Supplied material below:

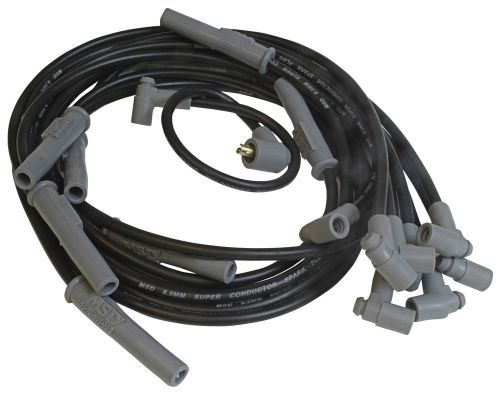 Spark plug wire set-custom msd 32733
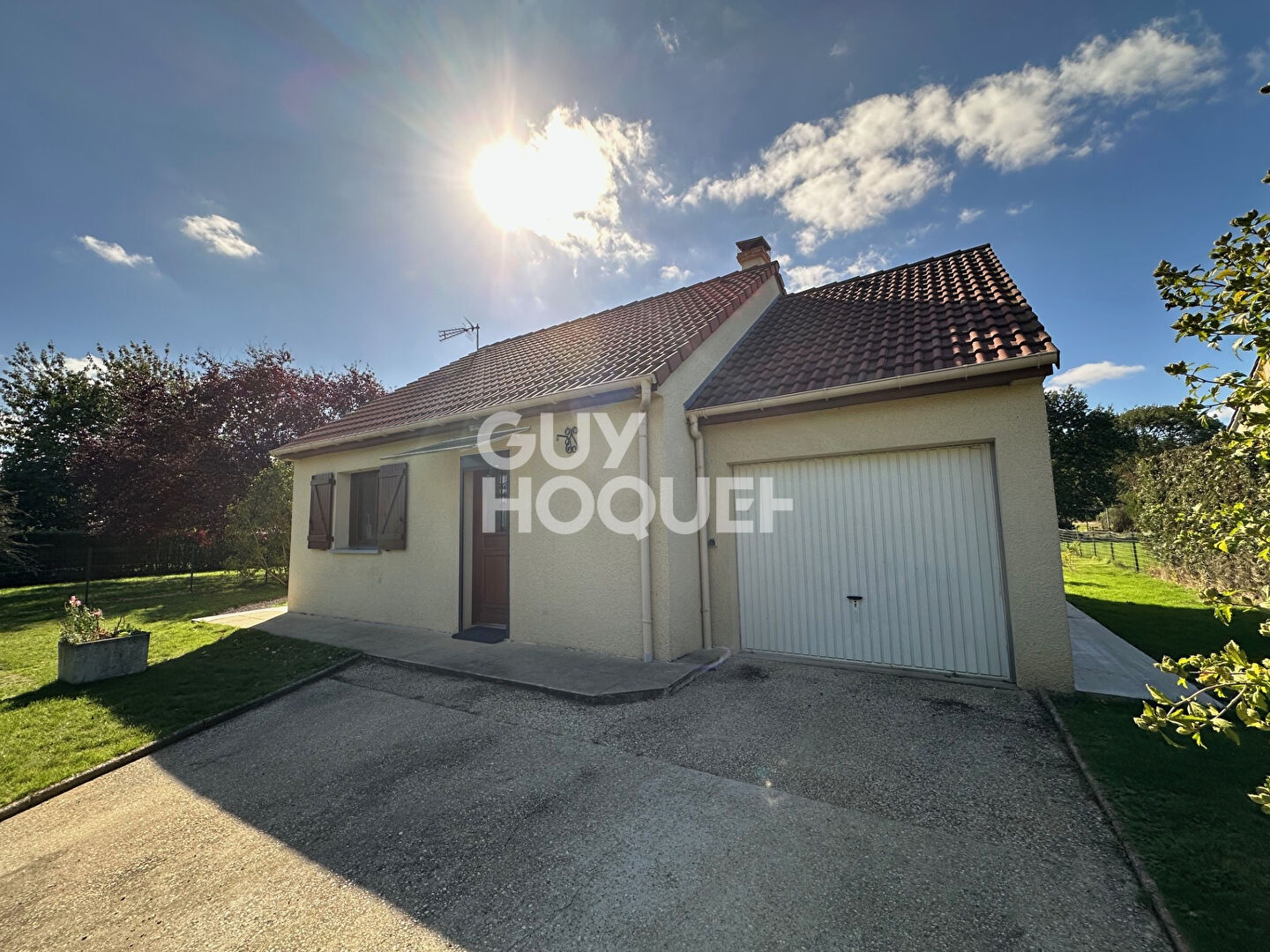 Maison Verneuil D Avre Et D Iton 2 pièce(s) 50 m2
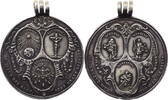 Deutschland, Süddeutschland Medaille Geschenk Medaille Taufe -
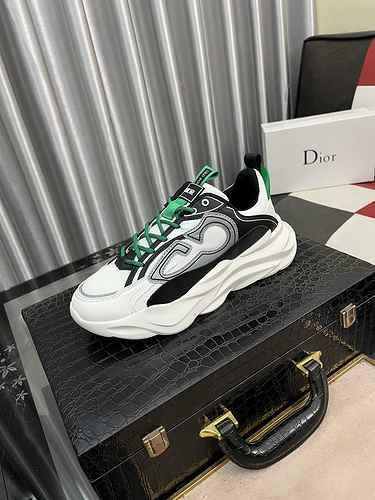 Scarpa Uomo Dior Codice 0918B60 Taglia 3844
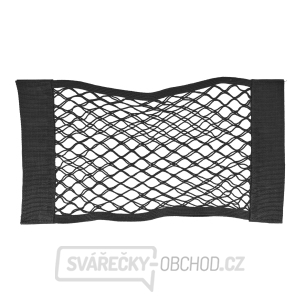 Sieťka na suchý zips - organizér na topánky 50x25cm (100) gallery main image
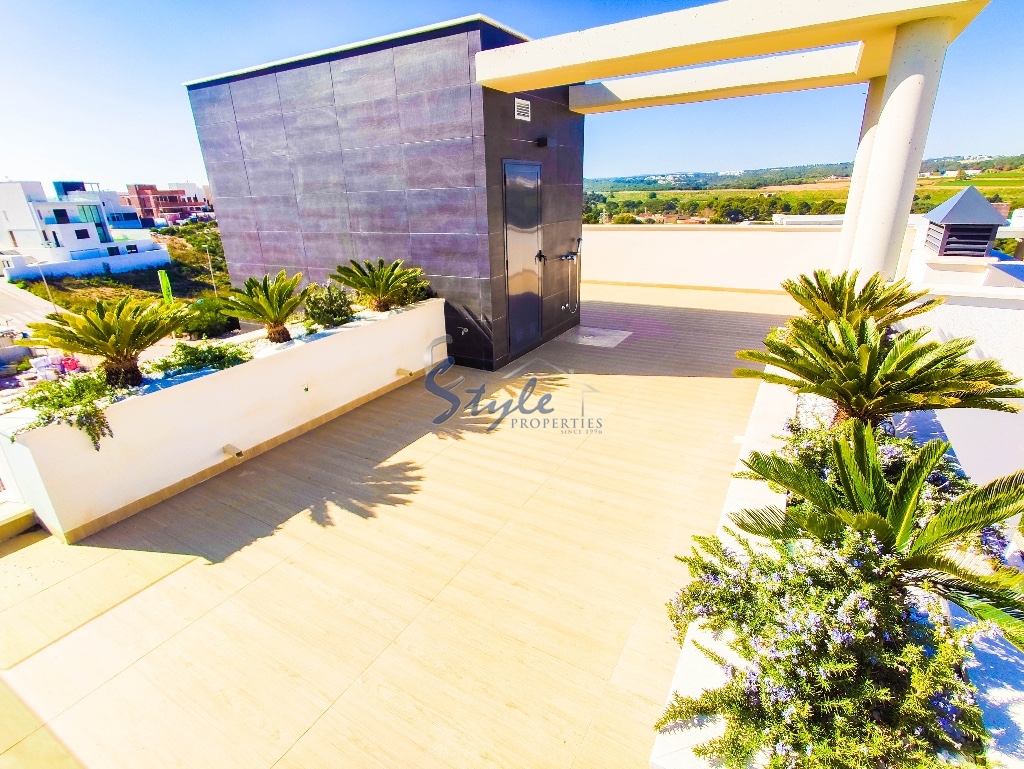 New build - Villa - Dehesa de Campoamor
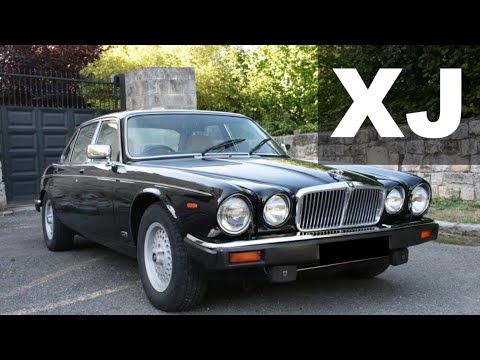 Jaguar XJ (1st gen) – The most beautiful executive sedan?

End of Supplied material.

Give every record again exactly, apart from the pictures, which stay out.

Written response:
 Spark plug wire set-custom msd 32733
 Maison Verneuil D Avre Et D Iton 2 pièce(s) 50 m2
 Deutschland, Süddeutschland Medaille Geschenk Medaille Taufe -
 Scarpa Uomo Dior Codice 0918B60 Taglia 3844
 Sieťka na suchý zips - organizér na topánky 50x25cm (100) gallery main image
 New build - Villa - Dehesa de Campoamor
 Jaguar XJ (1st gen) – The most beautiful executive sedan?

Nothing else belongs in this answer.